Mon fils me cueille tendrement un pissenlit. En souffle, du bout de sa bouche en cœur, un autre aux volatiles morceaux ouatés. Je regarde les morceaux s’éparpiller, au gré du vent. De doux effluves floraux chatouillent mes nerfs olfactifs. Je plisse du nez; réflexe acquis, sans justification valable. Mon cerveau me dicte que le pissenlit devrait éveiller en moi un air malade. Comment peut-on physiquement riposter devant tant de légèreté? Je n’en ai pas la moindre idée. Aucun choc post-traumatique n’explique ma répulsion botanique.

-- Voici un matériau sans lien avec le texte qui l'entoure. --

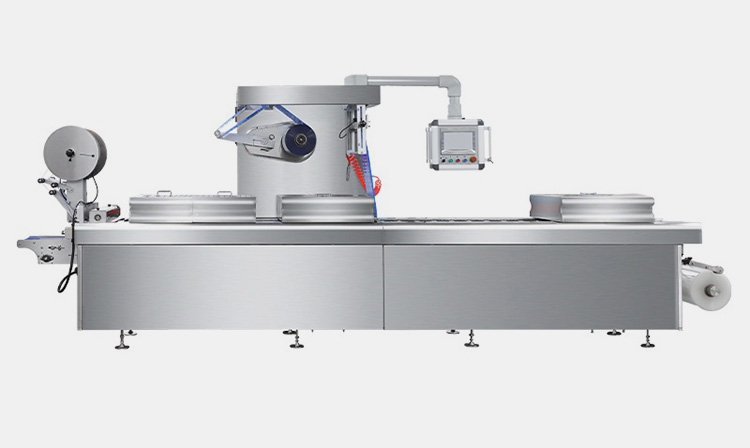HVR-320A Thermoforming Machine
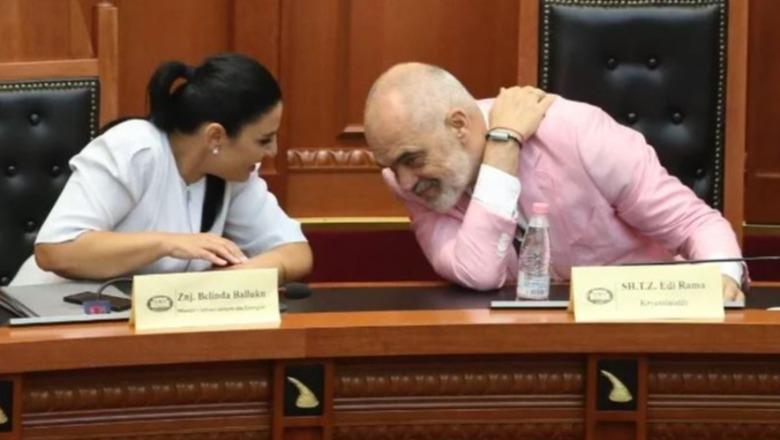 Shkarkimi i Ballukut, Rama: Largimi e bën të panevojshme kërkesën e SPAK për arrestin! Reagon opozita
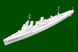 Сборная модель 1/700 военный корабль Destroyer Taszkient 1940 Trumpeter 06746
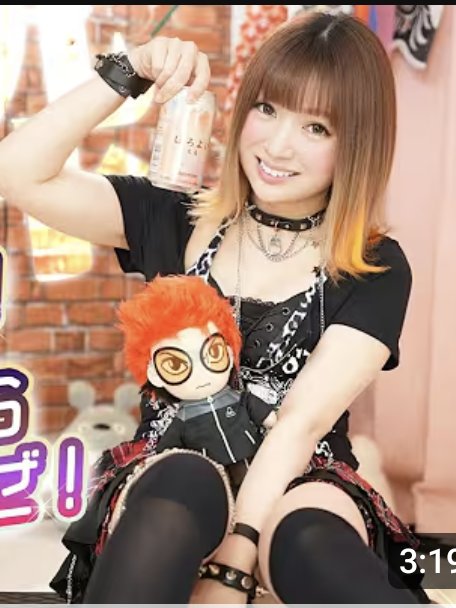 み〜ちゃん 🍅本日21:30からは、#MINTSPEC ボーカル🎤#Mii ちゃんのYouTubeライブ
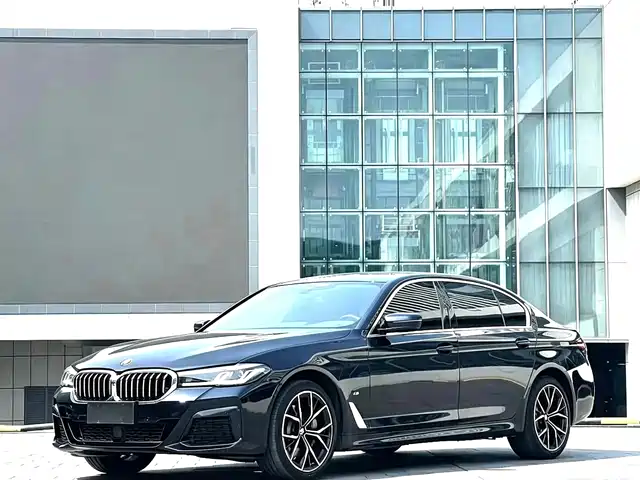 BMW 5 Series 2022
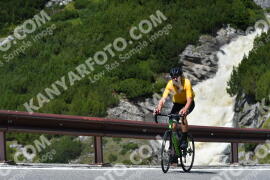 Foto #3914620 | 16-08-2023 12:26 | Passo Dello Stelvio - Waterfall Kehre BICYCLES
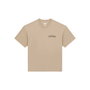 T-shirt à manches courtes homme Dickies Decartuville Ss Beige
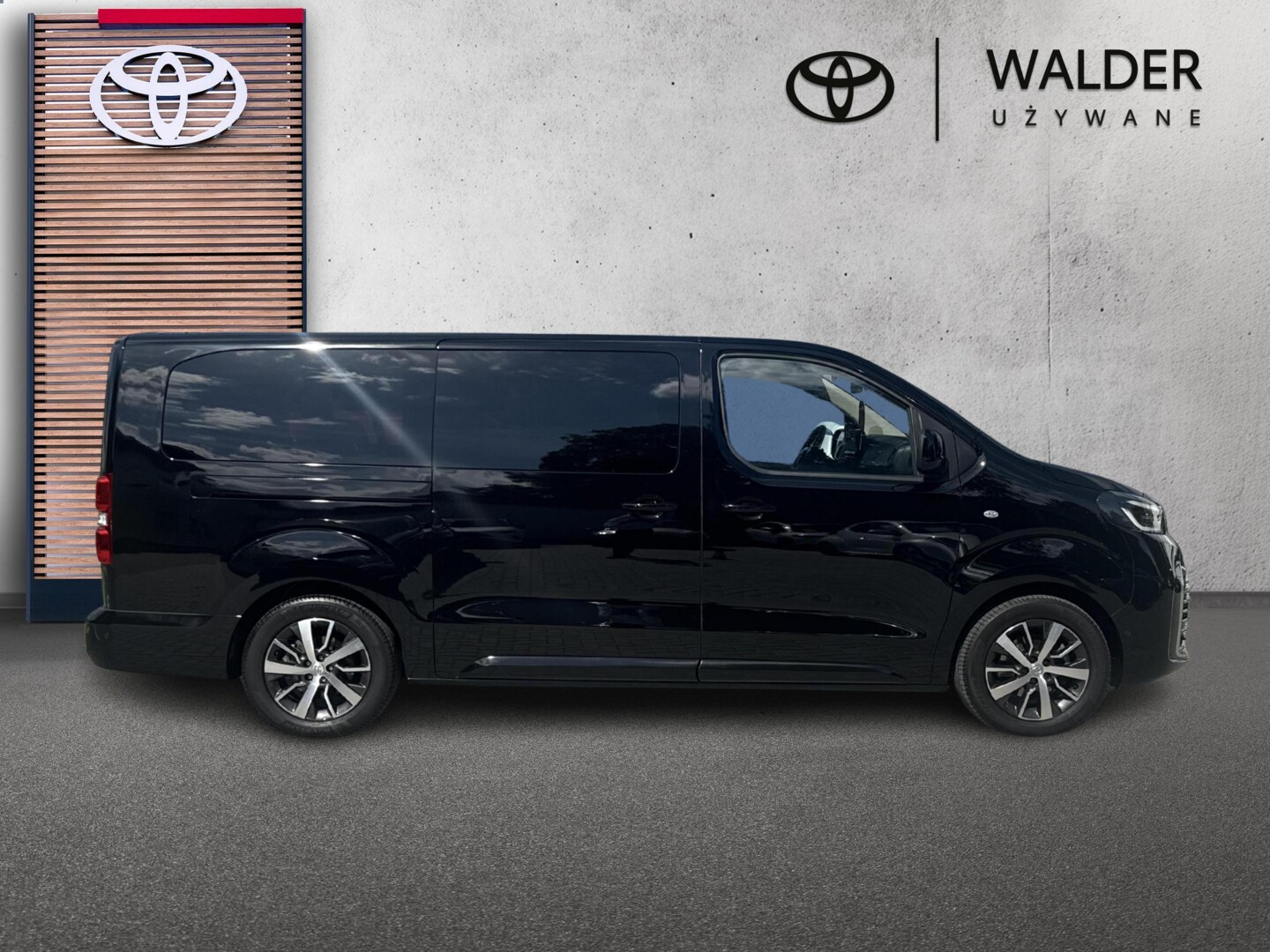 Toyota PROACE VERSO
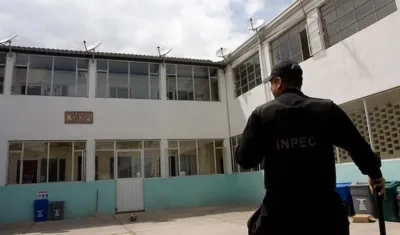 Los estupefacientes eran comercializados dentro de la misma cárcel.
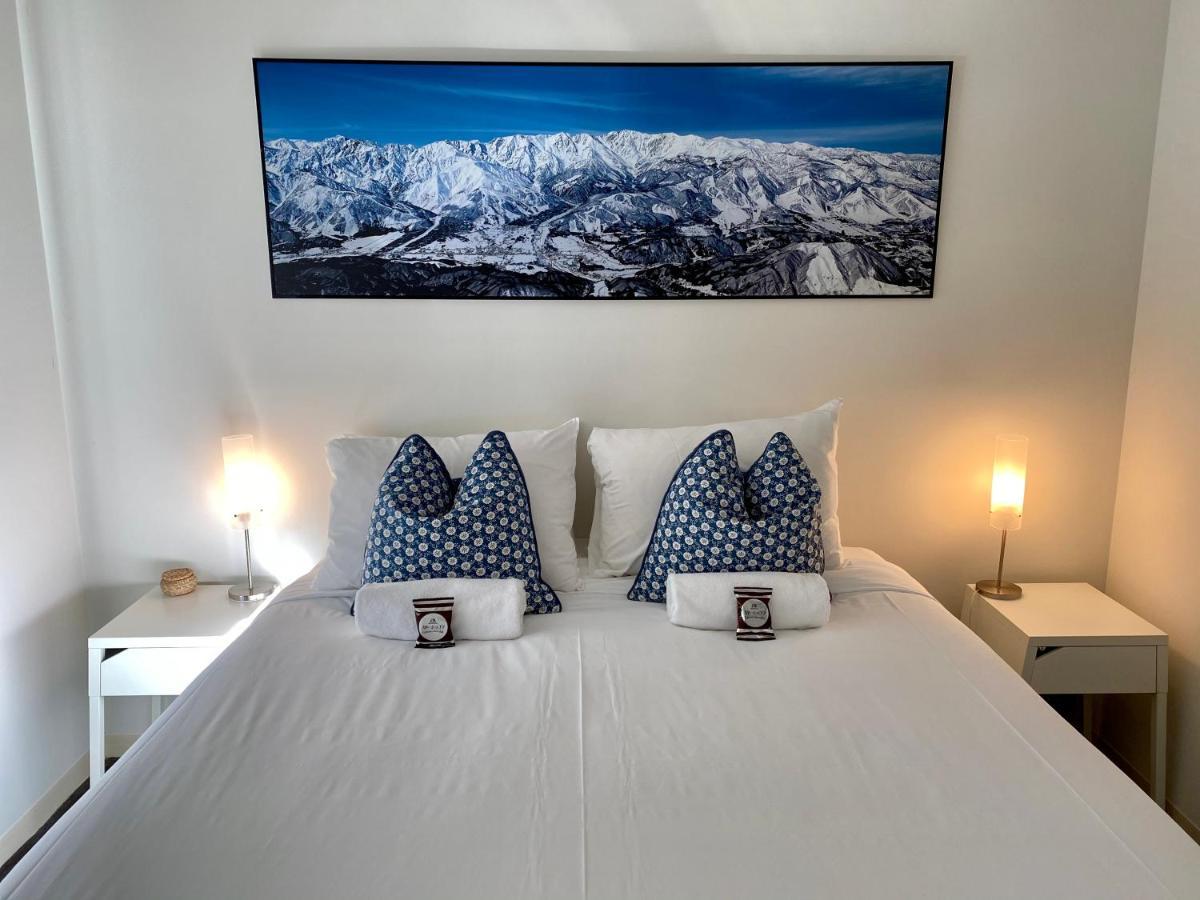 Zen Chalets Hakuba Ngoại thất bức ảnh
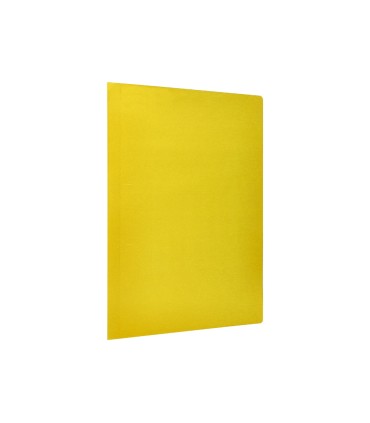 Subcarpeta liderpapel folio amarillo intenso 180g m2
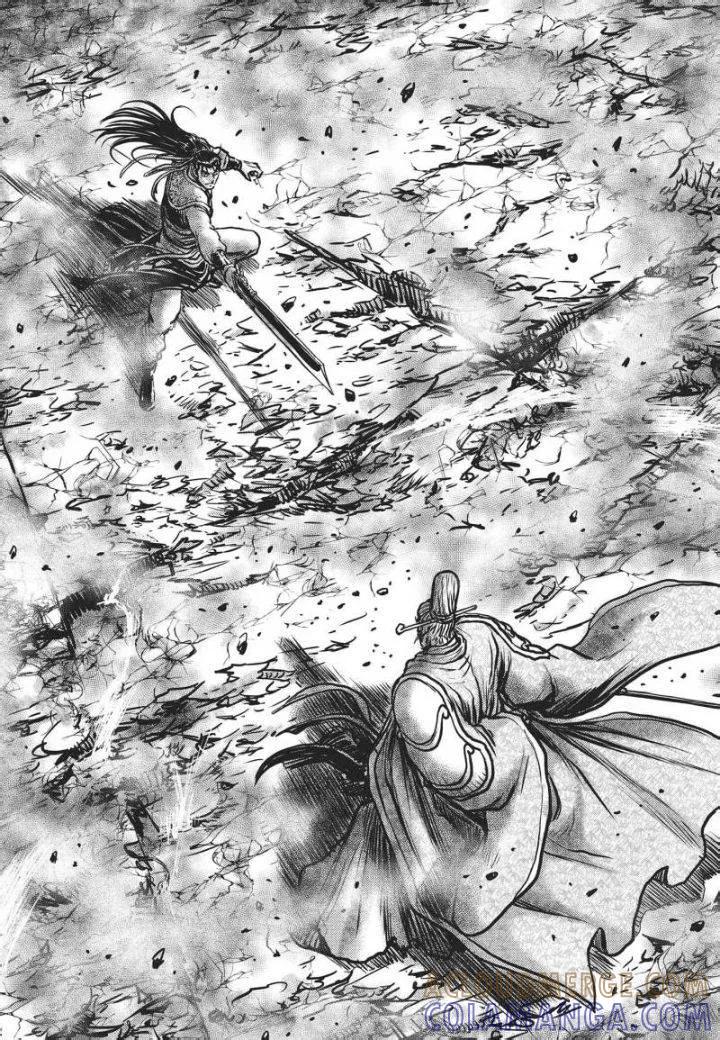 《热血江湖》第469话 第9页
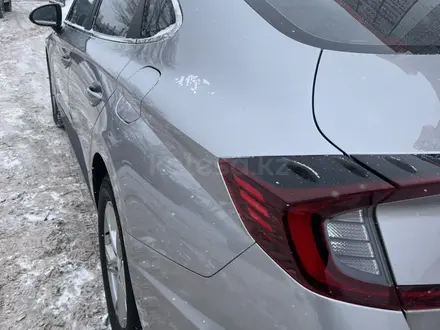 Hyundai Sonata 2019 года за 10 400 000 тг. в Астана – фото 16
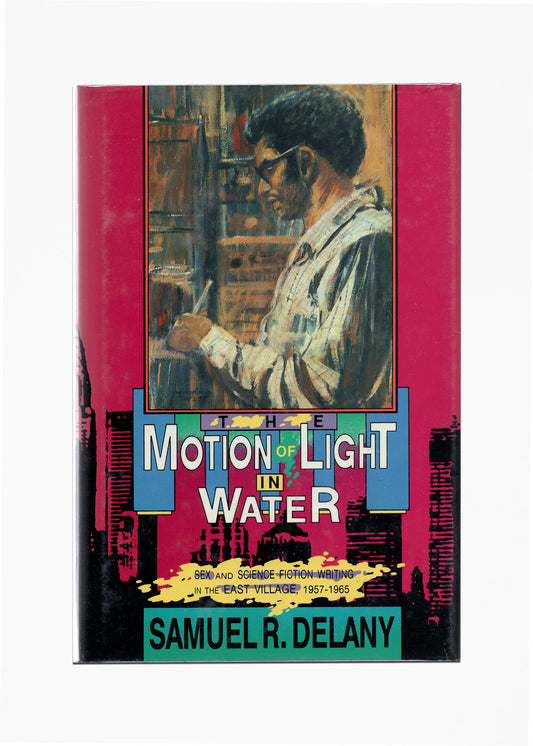 Samuel R. Delany - The Motion of Light in Water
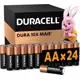 Pilhas Alcalinas AA Pequena Pack 24 Unidades - Duracell em oferta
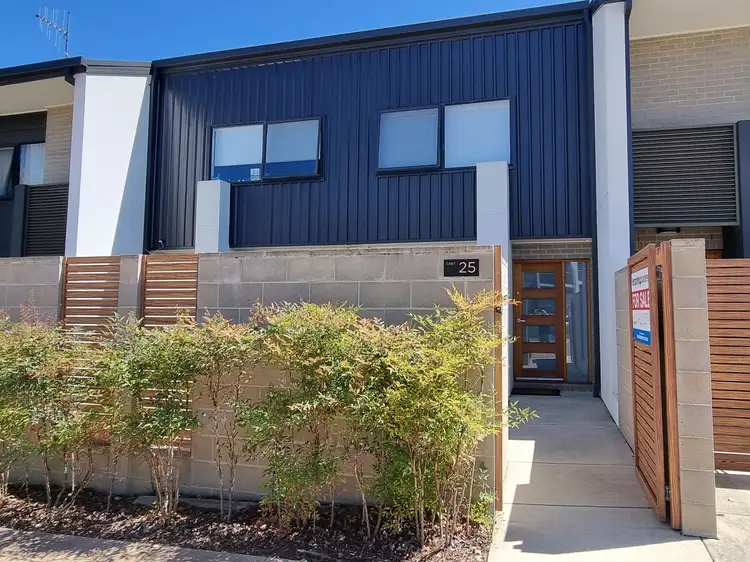 Main view of Homely townhouse listing, 25/76 Stockman Avenue, Lawson ACT 2617
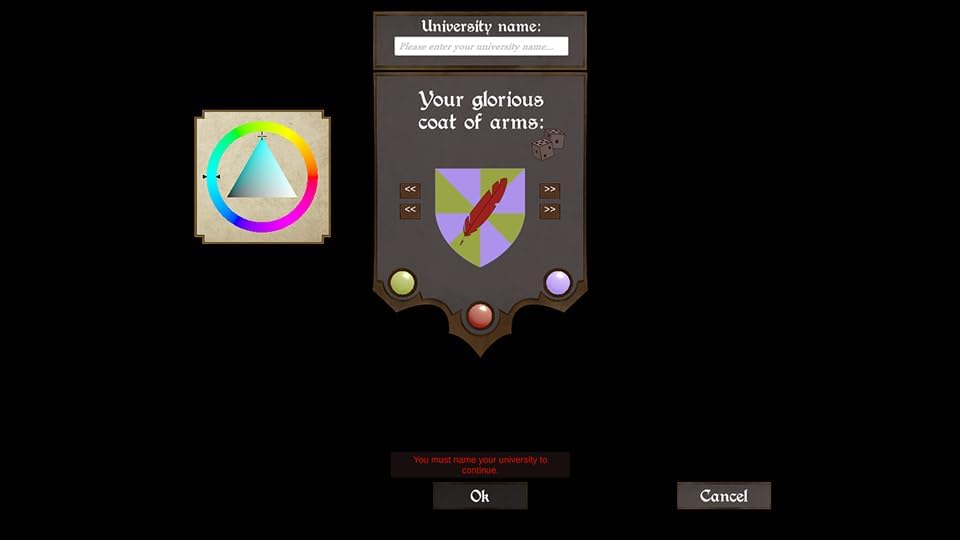 Spellcaster University (Nintendo Switch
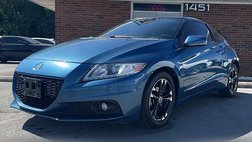 2015 Honda CR-Z EX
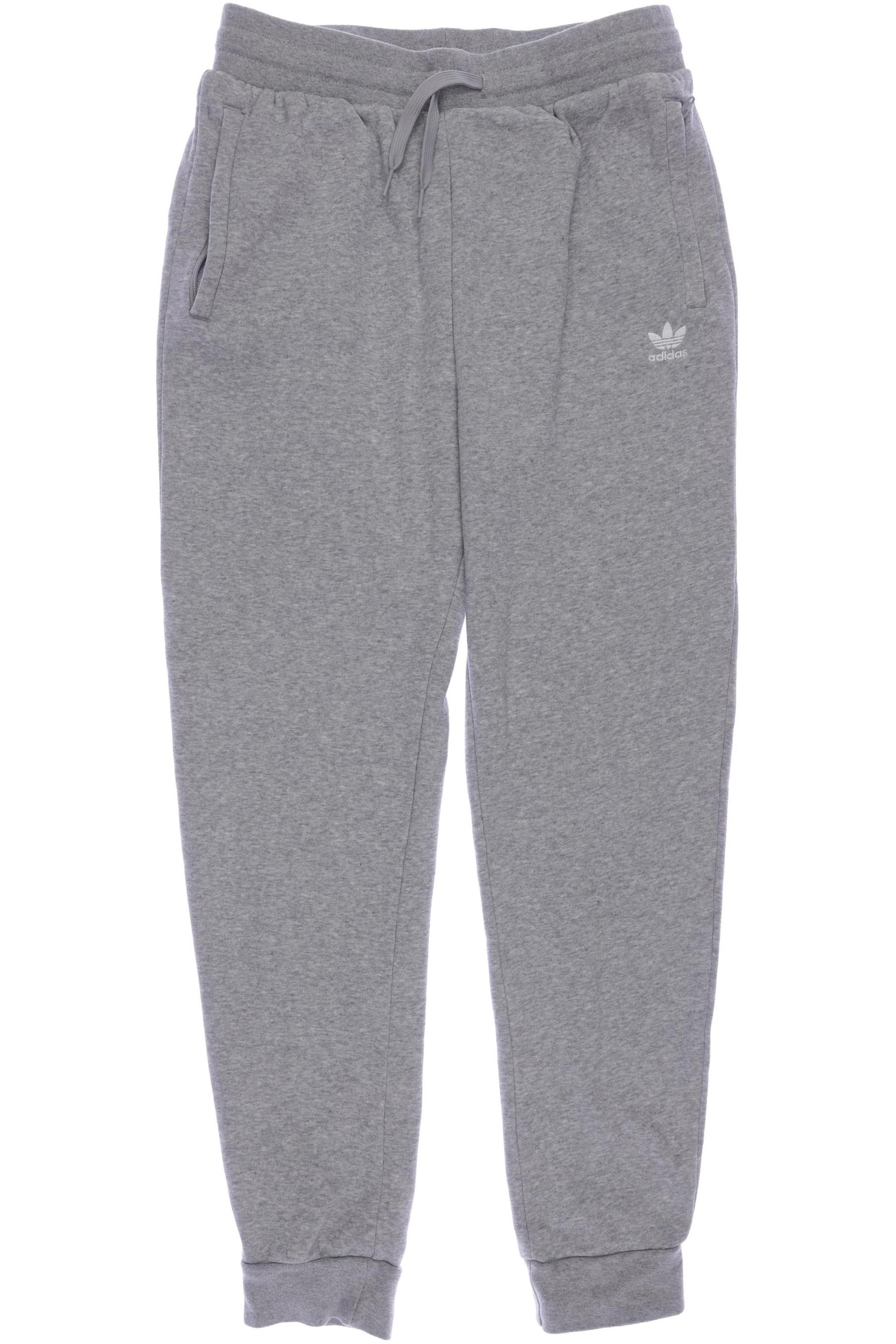 

adidas Originals Herren Stoffhose, grau, Gr. 170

Mais c’est quoi, cette histoire de pissenlits qui, socialement, nous horrifie? Qu’on m’explique, cette intimidation ciblée sans pondération! Depuis quand le pissenlit a-t-il été relégué au rang des mauvaises herbes? Pour quelle raison le pissenlit a-t-il pris le poste de rejet de la société florale? Qu’est-ce qui explique le désintérêt, voire même le mépris, envers cette plante colorée et sans défense?

Je pense encore au sourire coquin de mon 4 ans, les mains garnies de pissenlits, cueillis en toute naïveté. Des secrets bien gardés dans son dos, en offrande à sa maman chérie. Je feins la satisfaction. Mais pourquoi donc? Je le laisse m’offrir un bouquet de ces vives fleurs, sans piétiner ses bonnes intentions, sans chicaner sa récolte faite de bon cœur et sans heurts (apparents).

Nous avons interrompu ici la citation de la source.